Crawled caption data
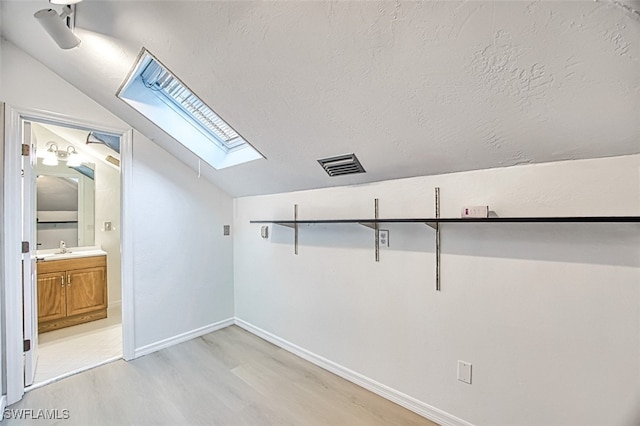 bonus room with visible vents, lofted ceiling with skylight, a textured ceiling, light wood-style floors, and baseboards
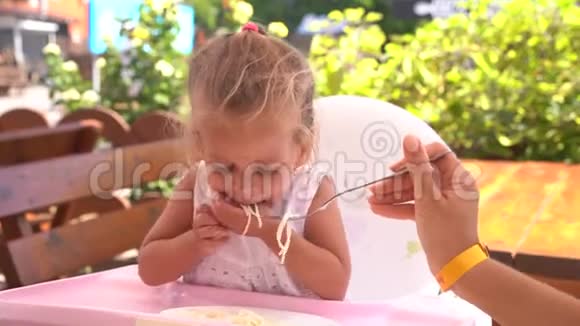 可爱的白人小女孩坐在儿童座椅户外餐厅的桌子上吃意大利面视频的预览图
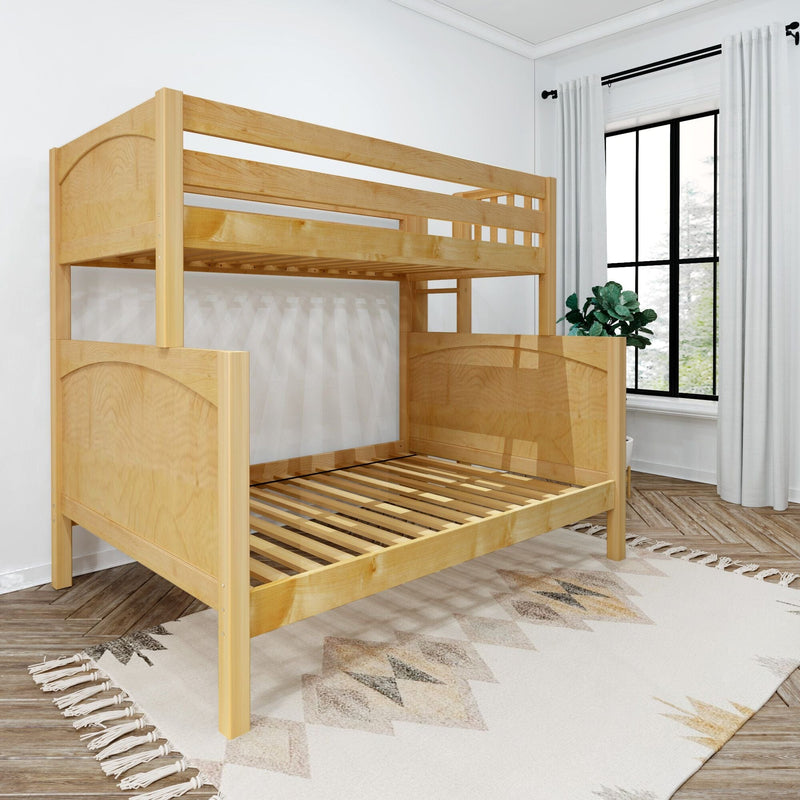 Solid natural wood twin-over-full bunk bed with slatted mattress support and ladder in a bright kids' bedroom with patterned rug, potted plant and large black-framed window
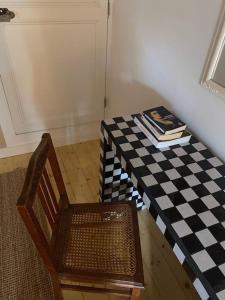 a table with a chair and a table with a checkered floor at La petite maison de Savennières in Savennières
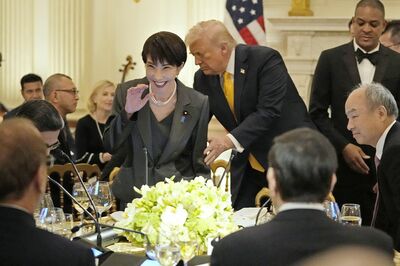 日米首脳会談後の夕食会で、トランプ大統領のエスコートで着席する高市早苗首相（日本時間3月20日、共同通信社）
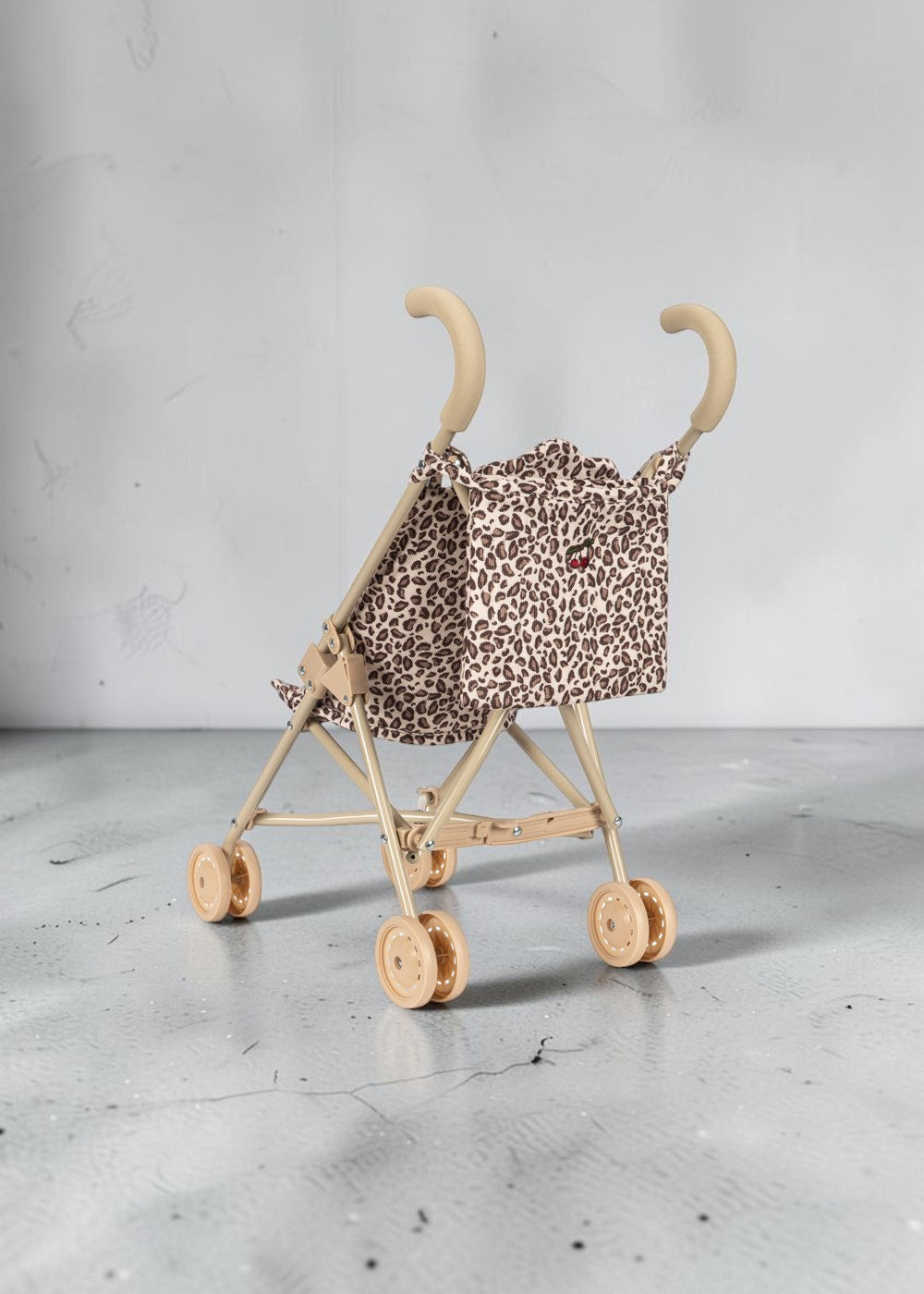 Playroom Collective Konges Sloejd doll stroller in leopard print with sage frame and cherry detail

* [ACTIVITY]
In the answer, give only the lines from the one containing "a table with a chair" through the end of the records above, each reproduced exactly. Include no pictures.

* [RESPONSE TO THIS EXERCISE]
 a table with a chair and a table with a checkered floor at La petite maison de Savennières in Savennières
 日米首脳会談後の夕食会で、トランプ大統領のエスコートで着席する高市早苗首相（日本時間3月20日、共同通信社）
 Playroom Collective Konges Sloejd doll stroller in leopard print with sage frame and cherry detail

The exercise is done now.